- Data shown:
───

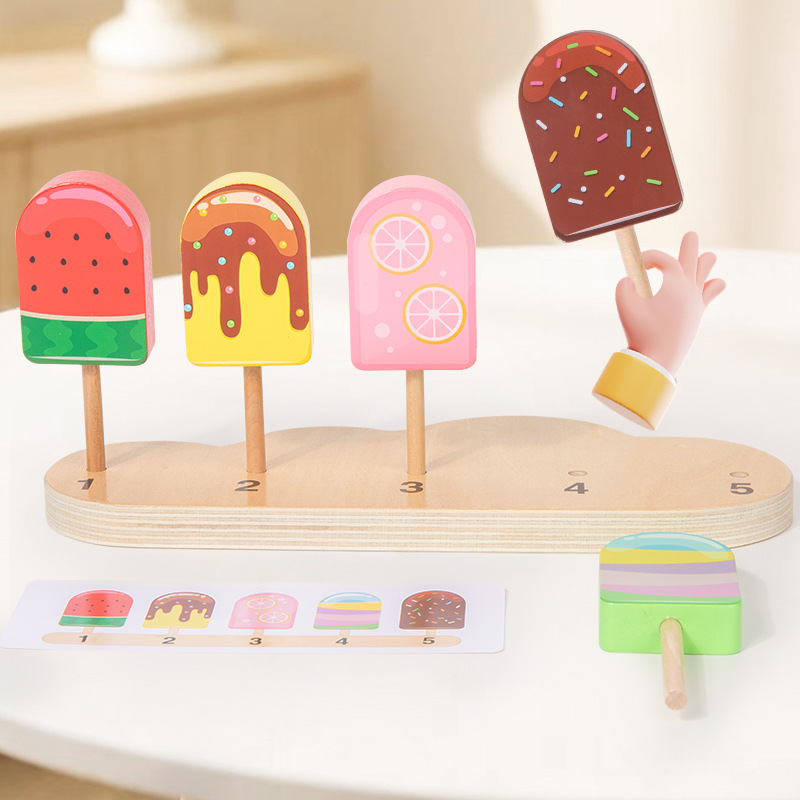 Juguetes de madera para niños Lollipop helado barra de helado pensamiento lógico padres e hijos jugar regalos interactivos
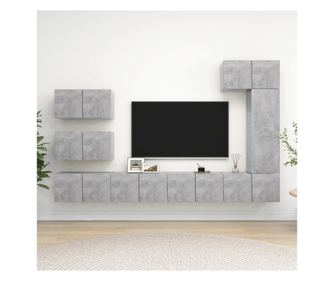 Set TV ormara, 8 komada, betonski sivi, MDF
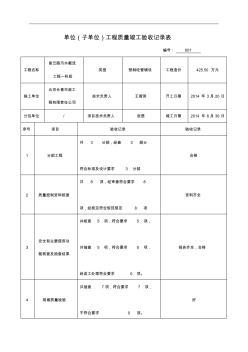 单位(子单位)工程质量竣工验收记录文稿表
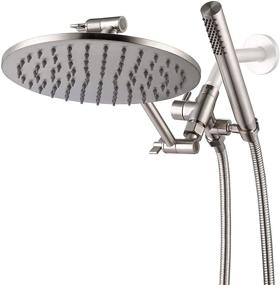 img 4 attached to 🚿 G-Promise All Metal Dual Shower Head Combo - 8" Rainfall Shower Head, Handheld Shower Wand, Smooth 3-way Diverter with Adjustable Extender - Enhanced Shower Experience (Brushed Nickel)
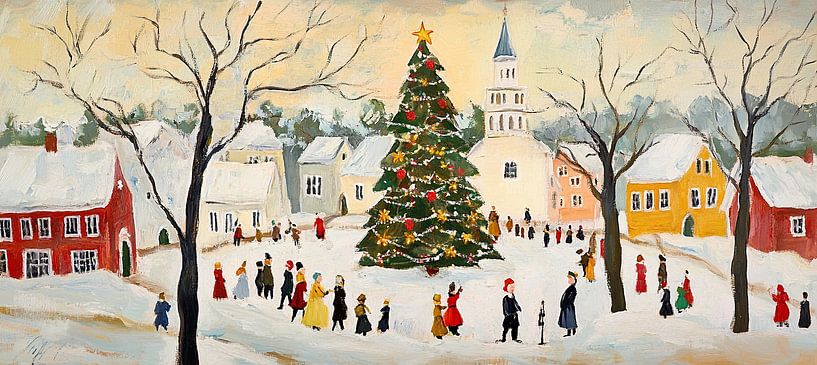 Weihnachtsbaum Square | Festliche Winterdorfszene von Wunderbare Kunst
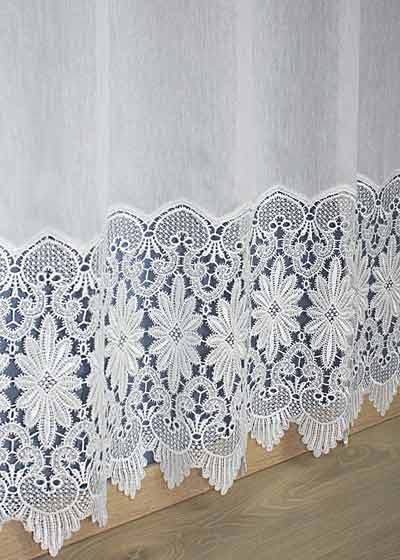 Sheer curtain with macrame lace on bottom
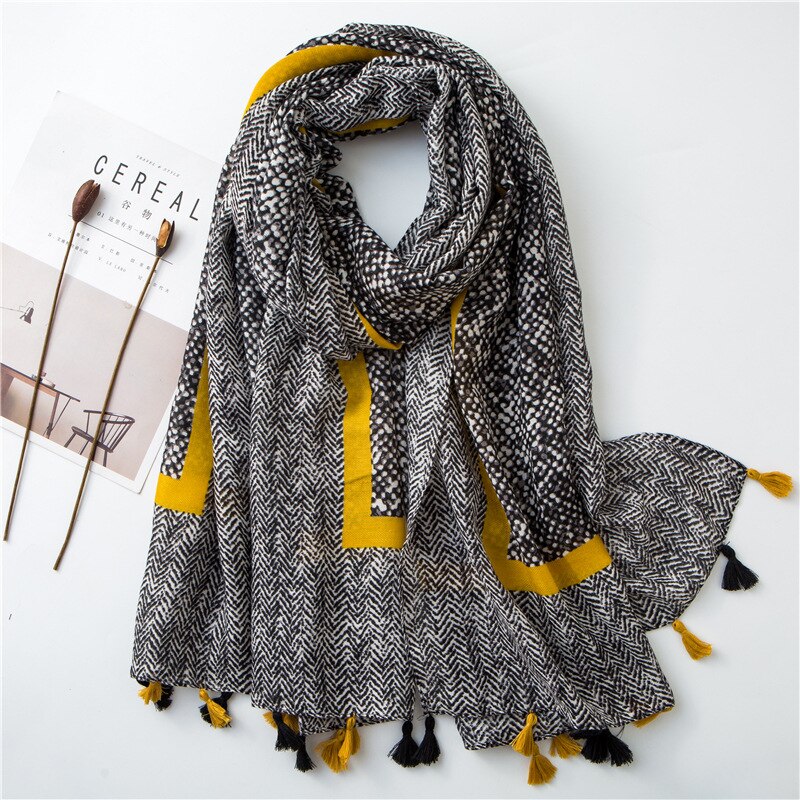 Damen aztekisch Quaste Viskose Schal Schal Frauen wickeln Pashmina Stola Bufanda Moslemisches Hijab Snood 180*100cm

───

Could you output every entry exactly as written, skipping the pictures?

 Juguetes de madera para niños Lollipop helado barra de helado pensamiento lógico padres e hijos jugar regalos interactivos
 Set TV ormara, 8 komada, betonski sivi, MDF
 单位(子单位)工程质量竣工验收记录文稿表
 img 4 attached to 🚿 G-Promise All Metal Dual Shower Head Combo - 8" Rainfall Shower Head, Handheld Shower Wand, Smooth 3-way Diverter with Adjustable Extender - Enhanced Shower Experience (Brushed Nickel)
 Weihnachtsbaum Square | Festliche Winterdorfszene von Wunderbare Kunst
 Sheer curtain with macrame lace on bottom
 Damen aztekisch Quaste Viskose Schal Schal Frauen wickeln Pashmina Stola Bufanda Moslemisches Hijab Snood 180*100cm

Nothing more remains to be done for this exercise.